Known as a powerful symbol of life and referred to as the Key of the Nile, the looping hieroglyphic cross known as the ankh has been used widely as an affirmation charm. The ankh can represent more than just life on Earth, also referencing eternal life after death, immortality and reincarnation. Ankhs were sometimes carried for protection or used in religious worship.
An important religious Egyptian symbol was the lotus, also referred to as the water lily. The lotus has a bloom that closes at night and sinks back beneath the water. In the morning, it re-emerges and re-blooms. This flower grew to be a natural symbol of the sun, dawn and creation.
Pyramids built by the ancient Egyptians were used as tombs for pharaohs and queens. The construction of these huge, grandiose structures still baffles modern society. Pyramids were symbols of power and religious dedication.
A hieroglyph represents a word, syllable or sound in ancient writing systems such as Egyptian. Each hieroglyph is comprised of three glyphs, or symbols. The term "hieroglyph" means "sacred carving" and was coined by the ancient Greeks to describe Egyptian characters. The Egyptian word for hieroglyphs translated to "language of the gods." Egyptian glyphs are either phonograms (glyphs that represent sounds) or ideograms (glyphs that represent objects or ideas). Hieroglyphics were used to write prayers, magic texts, guides of the afterworld to help the dead, royal documents, historical events, document calculations and decorate jewelry or luxury items. The hieroglyphs were carved into wood, stone or semiprecious gems and cast in gold, silver or other metal. A cartouche was an oval design that created a hieroglyphic nameplate by surrounding the hieroglyphs used for a king's name.
Egyptian Goddess Isis
While there were many Egyptian deities, Isis is one of the most important goddesses and became a well-known image. Isis was also known as Aset or Eset and married to the King of Egypt, Osiris. Isis was depicted as a beautiful woman in a sheath dress, though could be occasionally represented as a scorpion, bird, sow or as a woman with outstretched wings. Isis was typically shown with the throne hieroglyph near her or as a headdress, which helps differentiate her from other winged goddesses. Isis was viewed as a goddess of protection for those both alive and dead and was revered for her magical prowess.
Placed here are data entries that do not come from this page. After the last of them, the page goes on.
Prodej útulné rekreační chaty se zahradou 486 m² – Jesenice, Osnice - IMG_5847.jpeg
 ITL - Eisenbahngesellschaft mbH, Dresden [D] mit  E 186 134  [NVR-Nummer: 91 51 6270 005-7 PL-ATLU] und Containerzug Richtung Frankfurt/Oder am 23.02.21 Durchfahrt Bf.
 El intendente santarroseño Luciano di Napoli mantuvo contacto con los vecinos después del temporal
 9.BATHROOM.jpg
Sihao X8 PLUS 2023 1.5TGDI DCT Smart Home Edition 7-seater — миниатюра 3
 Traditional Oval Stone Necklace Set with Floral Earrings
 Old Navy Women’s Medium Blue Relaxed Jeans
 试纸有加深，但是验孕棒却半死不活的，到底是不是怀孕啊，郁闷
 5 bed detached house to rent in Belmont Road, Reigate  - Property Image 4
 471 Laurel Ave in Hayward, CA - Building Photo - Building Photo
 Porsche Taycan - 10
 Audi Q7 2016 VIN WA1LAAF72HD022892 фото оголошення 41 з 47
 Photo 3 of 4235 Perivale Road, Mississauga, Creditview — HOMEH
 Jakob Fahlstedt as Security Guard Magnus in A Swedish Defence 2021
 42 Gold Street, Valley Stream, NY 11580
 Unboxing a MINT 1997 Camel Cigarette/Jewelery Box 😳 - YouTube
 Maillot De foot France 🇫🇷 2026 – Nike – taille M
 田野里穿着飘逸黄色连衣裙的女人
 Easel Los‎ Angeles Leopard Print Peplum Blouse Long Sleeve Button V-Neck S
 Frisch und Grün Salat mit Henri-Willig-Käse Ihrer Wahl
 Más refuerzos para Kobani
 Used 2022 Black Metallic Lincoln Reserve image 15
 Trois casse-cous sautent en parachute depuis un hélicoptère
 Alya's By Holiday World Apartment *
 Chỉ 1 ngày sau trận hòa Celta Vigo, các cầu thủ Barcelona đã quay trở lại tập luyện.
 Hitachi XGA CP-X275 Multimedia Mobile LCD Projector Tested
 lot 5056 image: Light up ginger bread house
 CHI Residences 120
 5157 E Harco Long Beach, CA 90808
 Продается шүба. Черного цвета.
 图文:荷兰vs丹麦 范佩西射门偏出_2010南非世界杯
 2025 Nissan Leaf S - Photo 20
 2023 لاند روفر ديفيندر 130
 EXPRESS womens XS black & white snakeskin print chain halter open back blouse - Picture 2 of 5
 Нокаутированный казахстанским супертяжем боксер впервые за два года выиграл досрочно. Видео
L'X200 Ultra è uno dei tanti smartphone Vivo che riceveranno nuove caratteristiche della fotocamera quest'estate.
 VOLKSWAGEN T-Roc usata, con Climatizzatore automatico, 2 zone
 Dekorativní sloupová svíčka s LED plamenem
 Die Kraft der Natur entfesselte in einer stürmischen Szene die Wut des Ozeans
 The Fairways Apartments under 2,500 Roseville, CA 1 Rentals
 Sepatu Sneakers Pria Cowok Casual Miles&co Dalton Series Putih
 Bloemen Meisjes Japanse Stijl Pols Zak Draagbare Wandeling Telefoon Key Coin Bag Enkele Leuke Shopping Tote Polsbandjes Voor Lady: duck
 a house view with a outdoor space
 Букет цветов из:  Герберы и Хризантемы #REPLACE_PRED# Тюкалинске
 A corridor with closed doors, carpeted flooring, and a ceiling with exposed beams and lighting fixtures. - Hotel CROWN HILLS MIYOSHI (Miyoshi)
Another important Egyptian goddess who is commonly recognized was Ma'at, or Maat. Sometimes her name is spelled "Mayet," which means "that which is straight." Ma'at represented balance, truth, justice and divine order. It was believed she set the world in order after its chaotic creation. Ma'at is typically depicted as a woman wearing a crown with an ostrich feather. She could also be seen with an ostrich feather headdress or as a woman with an ostrich feather as her head. She is also occasionally depicted as a winged goddess while holding a specter in one hand and an ankh in the other.
Eye of Horus, Eye of Ra and Wedjat Eye
Wedjat eyes are either left or right. The left eye is associated with Horus and the right eye is associated with Ra. The eye of Horus is a symbol of protection, royal power and health. The eye has 6 parts, which represent the six senses and is the doorway through which we receive information.
The jackal-headed deity of embalming and death was Anubis. Masks of Anubis were often worn by priests during mummification ceremonies. While Anubis was incredibly ancient and important, he was not given temples. Instead, Anubis was associated with tombs and cemeteries. Anubis was guardian of the scales, who would weigh the hearts of man against the feather of truth (Ma'at) to determine the fate of individual souls. Anubis was a protector, patron of lost souls and orphans, and was associated with rebirth.